Get more out of your power supply with port power management


With the publication of the new Institute of Electrical and Electronics Engineers 802.3bt standard, the power range of Power over Ethernet (PoE) loads continues to expand. If you are designing systems that provide PoE, this presents a challenge. You may need to provide 5 W of power to a low-end Internet Protocol camera or 70 W to a high-end wireless access point (WAP). An enterprise switch with 48 ports that can simultaneously support 90 W on all ports would require a 4.3-kW supply.

You probably want to enable the full functionality of the high-end WAP, but do you really want to pay for the giant power supply? Knowing the typical use case of your system, you can choose a smaller power supply that would be sufficient in most situations. But, how do you prevent the supply from overloading in the rare event that all loads draw full power?

Port power management (PPM) algorithms can come to your rescue. When a new device is plugged in, the system will only turn the device on if there is enough remaining power. A system that supports priority and exceeds its power budget will actually shut down a lower-priority load when a higher-priority load is plugged in.

At a high level, PPM is a simple concept, but it can have multiple flavors, and its implementation can be tricky. Typically, there are multiple power sourcing equipment (PSE) devices, thus requiring a central microcontroller (MCU) to manage the system. Also, the system could have slots for multiple power supplies, which can get plugged in or unplugged during operation.

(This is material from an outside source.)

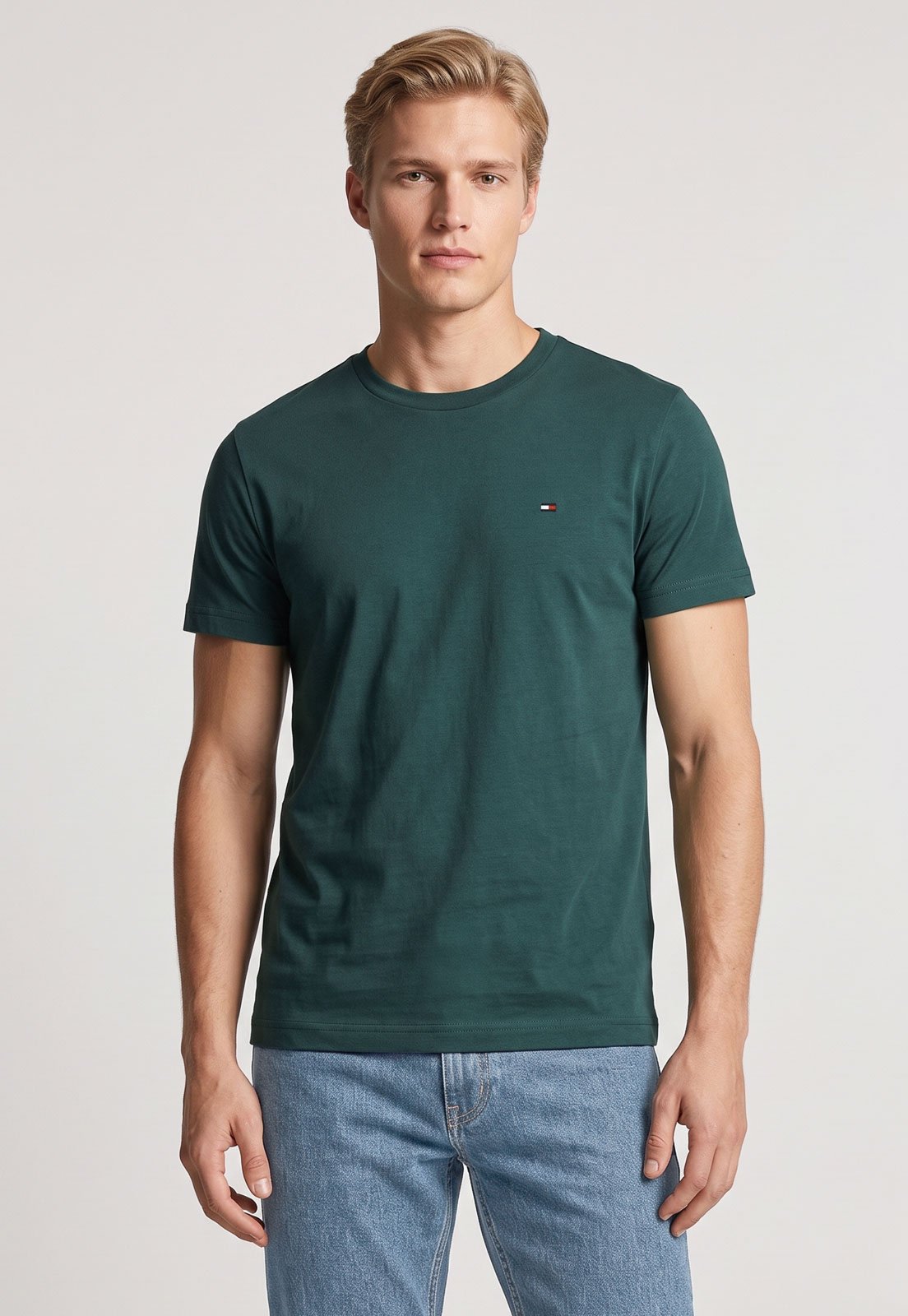Camiseta Masculina Tommy Hilfiger Logo Bordado Verde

TI’s FirmPSE ecosystem can give you a huge head start in implementing PPM in your end equipment by removing the burden of writing low-level code to control the PSEs. Figure 1 shows the evaluation board of TI’s FirmPSE, which is implemented using an MSP430™ MCU and TPS23881 PSE. TI provides a binary image that you can load directly into the MSP430F5234. You will need to write code that interfaces between the host central processing unit (CPU) and the MSP430F5234 to configure the system and monitor the port status.

 Evaluation board of TI’s FirmPSE ecosystem

Figure 1: Evaluation board of TI’s FirmPSE ecosystem

TI’s ecosystem features:

  • Orderable TI designs with twenty-four 90-W PoE ports.
  • A user’s guide.
  • A binary image that can be loaded directly to the MCU.
  • A host interface document defining the interface between the MSP430F5234 and host CPU.
  • A graphical user interface to configure the binary image and to evaluate monitor port status’s of the FirmPSE system.